- [Work task]:
Records follow. Print exactly the lines from the one that has "โค้ทขนเป็ดหนา Bear อก54 ใส่ได้ 2 ด้าน" through the one that has "50 Adt. Cep", inclusive, and omit the pictures.

- [Supplied records]:

######

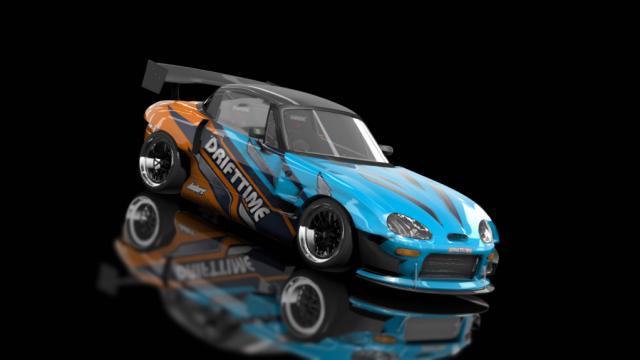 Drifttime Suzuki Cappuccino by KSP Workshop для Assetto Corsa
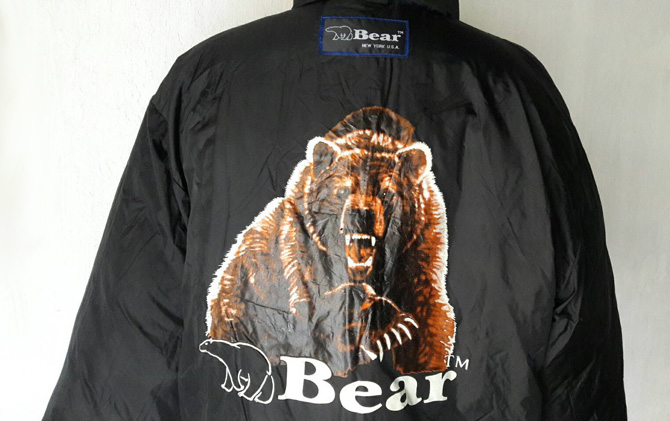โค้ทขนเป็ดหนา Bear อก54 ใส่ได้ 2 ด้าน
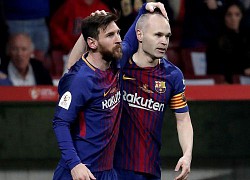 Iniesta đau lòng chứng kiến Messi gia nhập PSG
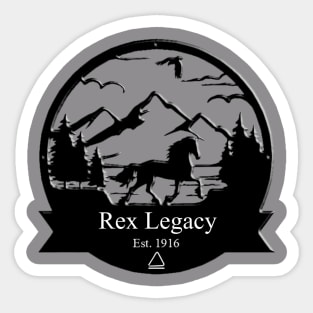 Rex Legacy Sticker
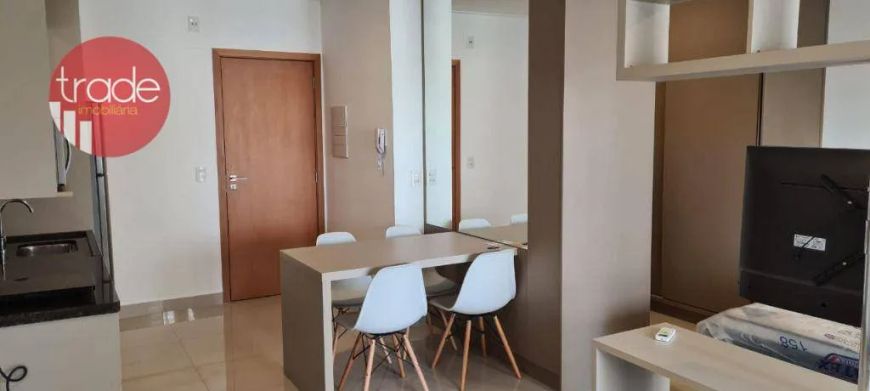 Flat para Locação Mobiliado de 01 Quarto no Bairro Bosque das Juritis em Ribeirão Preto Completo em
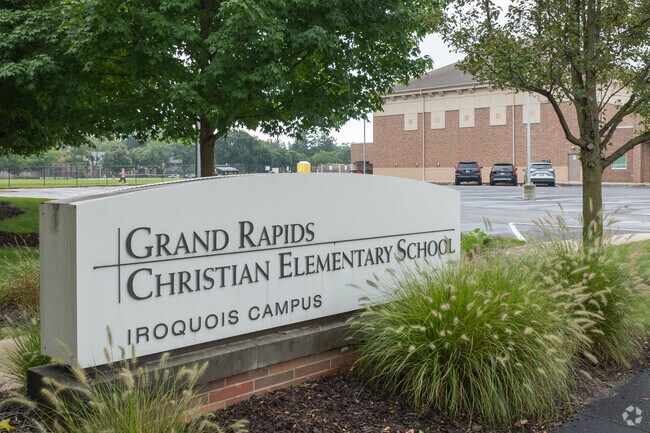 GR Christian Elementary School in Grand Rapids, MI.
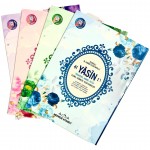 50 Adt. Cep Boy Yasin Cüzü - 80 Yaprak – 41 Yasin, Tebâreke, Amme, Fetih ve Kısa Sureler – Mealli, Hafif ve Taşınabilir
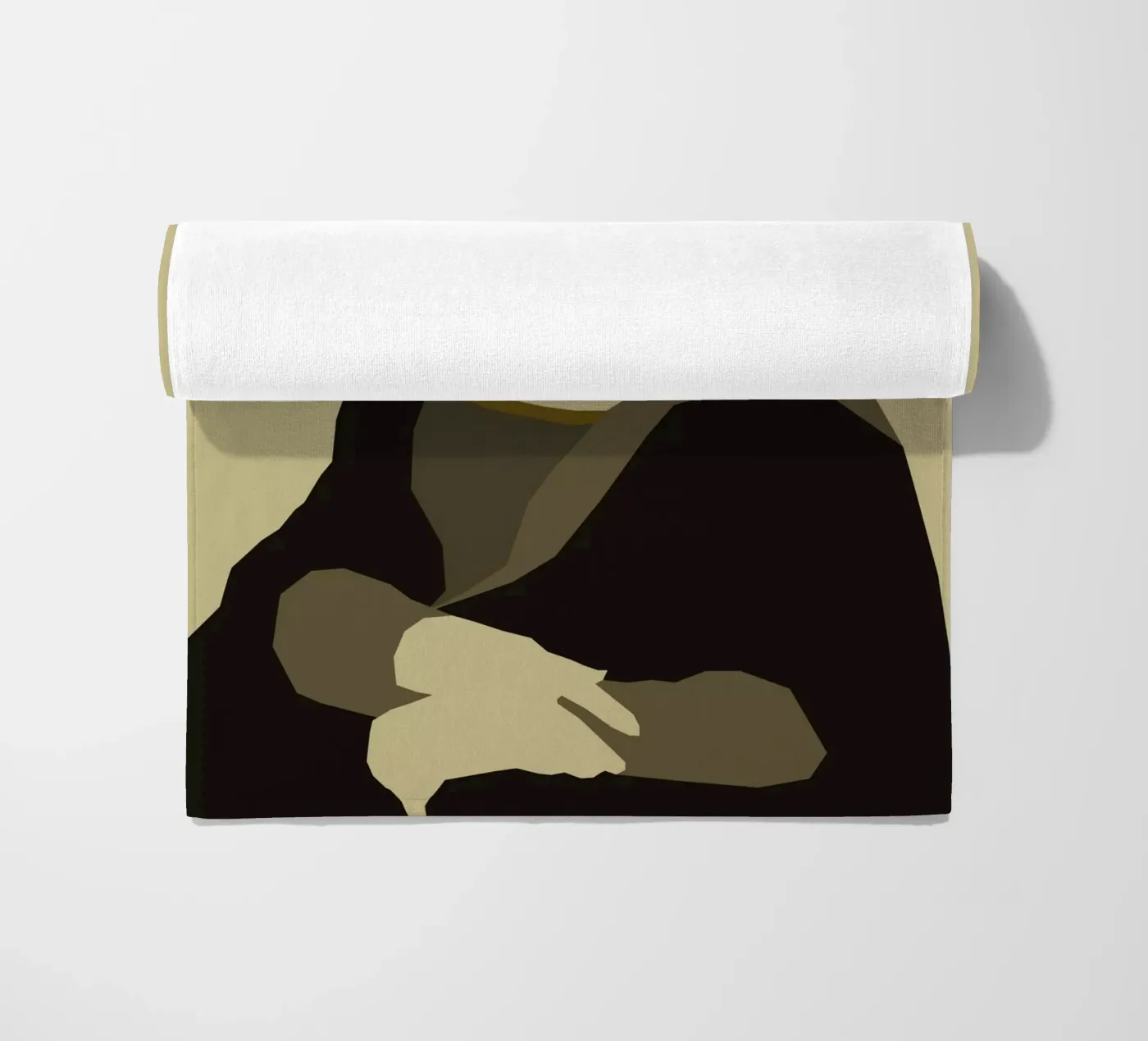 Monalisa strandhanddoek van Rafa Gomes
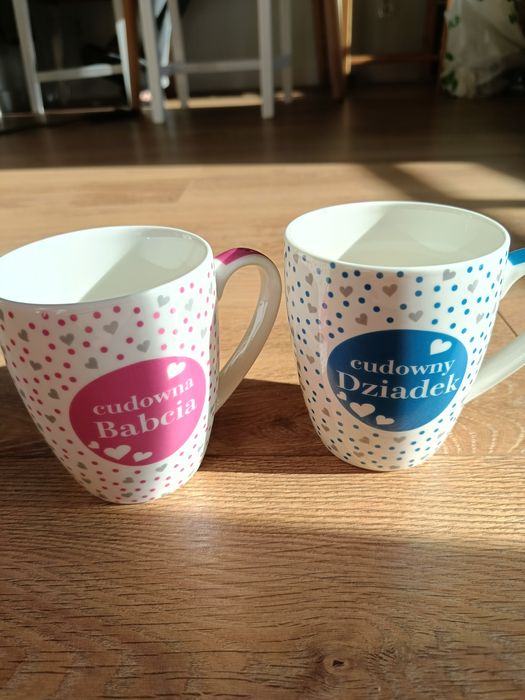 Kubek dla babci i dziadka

######

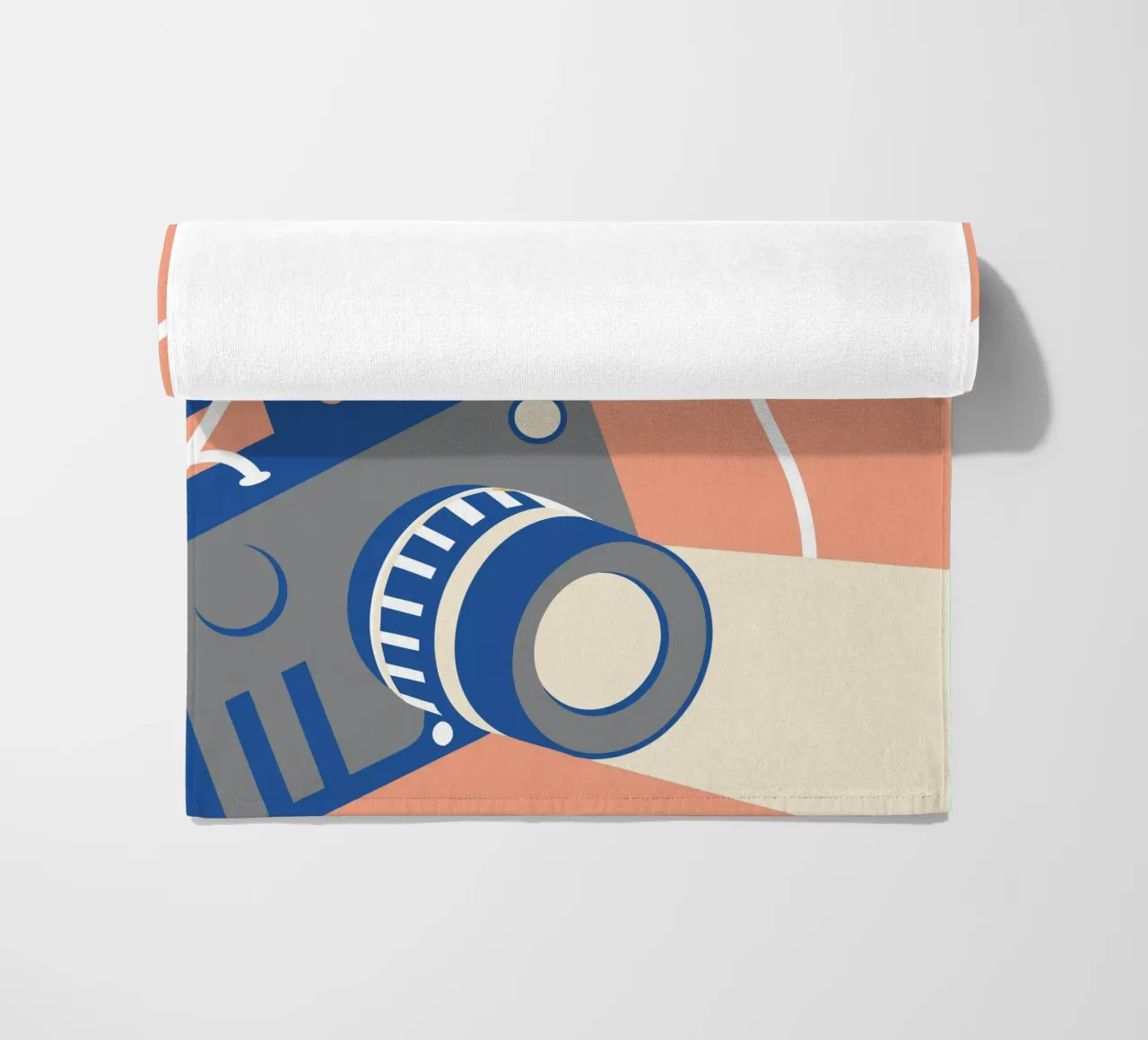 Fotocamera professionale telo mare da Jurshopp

######

- [Your solution]:
โค้ทขนเป็ดหนา Bear อก54 ใส่ได้ 2 ด้าน
 Iniesta đau lòng chứng kiến Messi gia nhập PSG
 Rex Legacy Sticker
 Flat para Locação Mobiliado de 01 Quarto no Bairro Bosque das Juritis em Ribeirão Preto Completo em
 GR Christian Elementary School in Grand Rapids, MI.
 50 Adt. Cep Boy Yasin Cüzü - 80 Yaprak – 41 Yasin, Tebâreke, Amme, Fetih ve Kısa Sureler – Mealli, Hafif ve Taşınabilir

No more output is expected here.